Native Convex treats patch({ field: undefined }) as field removal. ORM uses unsetToken for that explicit unset behavior.

Also watch output shapes during migration: nullable ORM columns come back as null, while native Convex often represents missing fields as undefined.

Delete (db.delete -> delete().where())

Before (native Convex)
await ctx.db.delete('users', args.userId);
After (ORM)
await ctx.orm.delete(users).where(eq(users.id, input.userId));

Upsert conflict mapping

ORM (`onConflictDoUpdate`)
const [row] = await ctx.orm
  .insert(users)
  .values({ email: input.email, name: input.name })
  .onConflictDoUpdate({
    target: users.email,
    set: { name: input.name },
  })
  .returning({ id: users.id });
Native Convex (manual unique lookup + patch/insert)
// Schema: index('by_email').on(t.email) on users
const existing = await ctx.db
  .query('users')
  .withIndex('by_email', (q) => q.eq('email', input.email))
  .unique();

if (existing) {
  await ctx.db.patch('users', existing.id, { name: input.name });
  return existing.id;
}
return await ctx.db.insert('users', { email: input.email, name: input.name });

Step 9: Guarantees and caveats

Let's close with the guarantees you gain and the caveats you still need to own.

What ORM adds

  • Runtime constraint/default enforcement on ORM mutation paths.
  • Optional RLS policy enforcement on ORM paths.
  • Drizzle-style mutation/query ergonomics.

What still bypasses enforcement

ctx.db is still raw native access and bypasses ORM constraints/defaults/RLS.

Use ctx.db intentionally. If you mix ctx.db writes into an ORM-migrated codebase, you're opting out of ORM enforcement on those paths.

Uniqueness under concurrency

Runtime uniqueness checks are best-effort within one mutation.
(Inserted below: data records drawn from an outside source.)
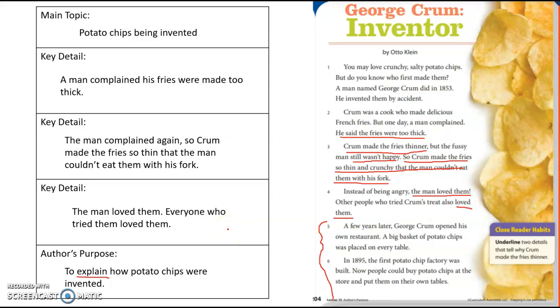So what happened next that really made them become famous? That's what you're going to be telling me in your assignment today.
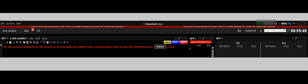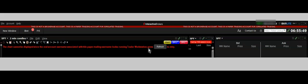Interactive Broker error: the chart cannot be displayed since the real account associated with this paper account username is also running Trader Workstation. No, it's not running Trader Workstation. I only have one Trader Workstation open on my computer. It's not running anywhere else, on my phone or anywhere else, but I found the problem.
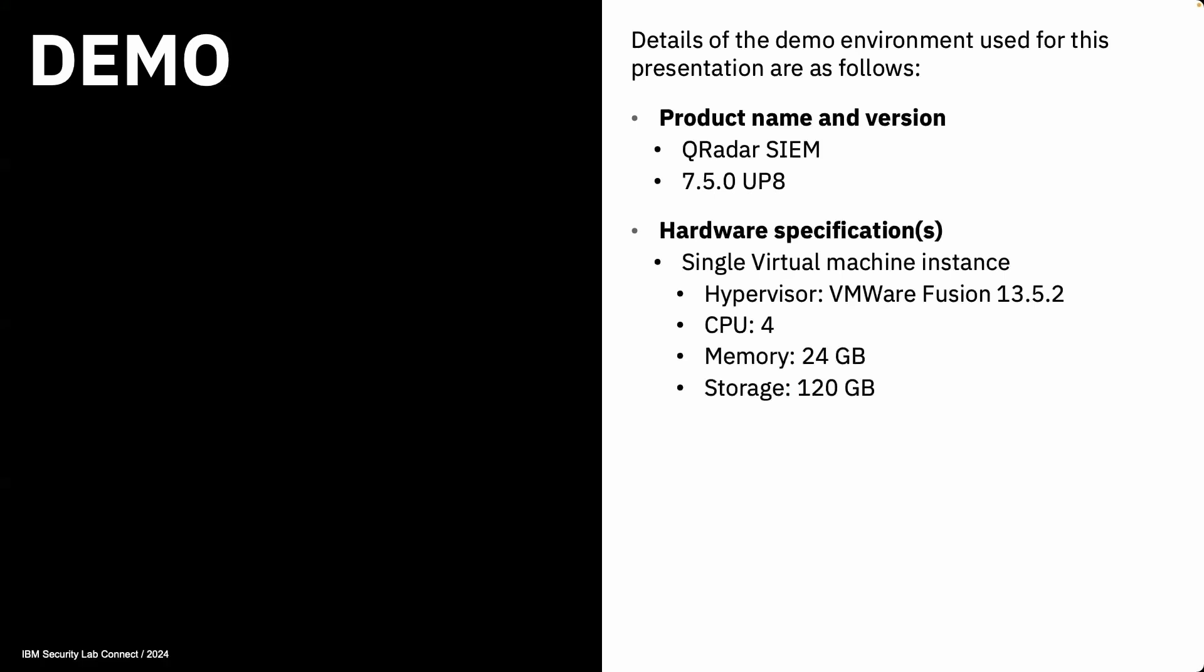Let's move to the demo. In this demo, we are using host OS as macOS with Intel processor, then hypervisor VMware Fusion. The CPU we are giving is 4 and memory is 24 GB, and storage is 120 GB. This is because of some storage restriction on the host device. We are giving 120 GB of storage, but recommended is 250 GB.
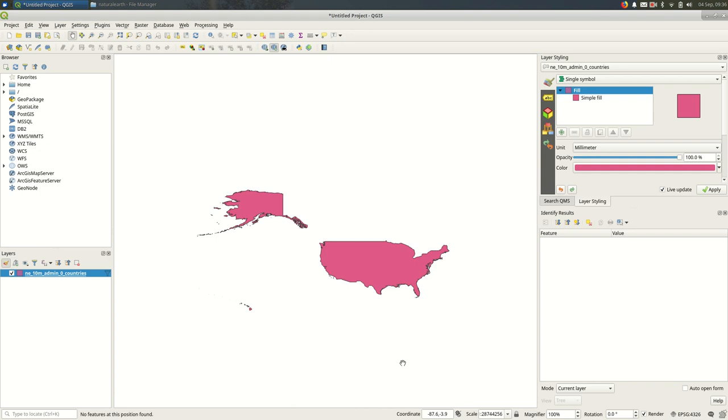This is a quick video looking at changing project projections in QGIS. So by default, depending on the data source you're using, QGIS will use a projection that it picks for you.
Concurrent mutations can still race.

Use idempotent patterns (onConflictDoNothing / onConflictDoUpdate), retries, or serialize writes by key when strict guarantees are required.

System-table parity

System tables remain raw passthrough access in both models:

const files = await ctx.orm.system.query('_storage').take(20);
const jobs = await ctx.orm.system.query('_scheduled_functions').collect();

This maps directly to native ctx.db.system.get/query semantics.

Rollout playbook

If you're migrating an existing app, this order keeps risk low and progress measurable.

  1. Migrate read-only endpoints that already have clear index paths.
  2. Migrate relation-heavy endpoints and delete manual join assembly.
  3. Migrate writes table by table (insert, then update, then delete, then upserts).
  4. Migrate search endpoints.
  5. Migrate vector action flows.
  6. Enable stricter defaults/constraints/RLS where needed.

Done criteria

Use this checklist to know migration is complete:

  • App tables read through ctx.orm.query.* by default.
  • List endpoints are explicitly sized (limit or cursor pagination).
  • Manual join assembly is replaced by with: where practical.
  • Patch/remove semantics are explicit (unsetToken where needed).
  • Search/vector endpoints follow mode constraints and documented patterns.
  • Any remaining ctx.db usage is intentional and documented in code comments.

That's it. You now have an ORM migration path that preserves Convex strengths while reducing repetitive query and write plumbing.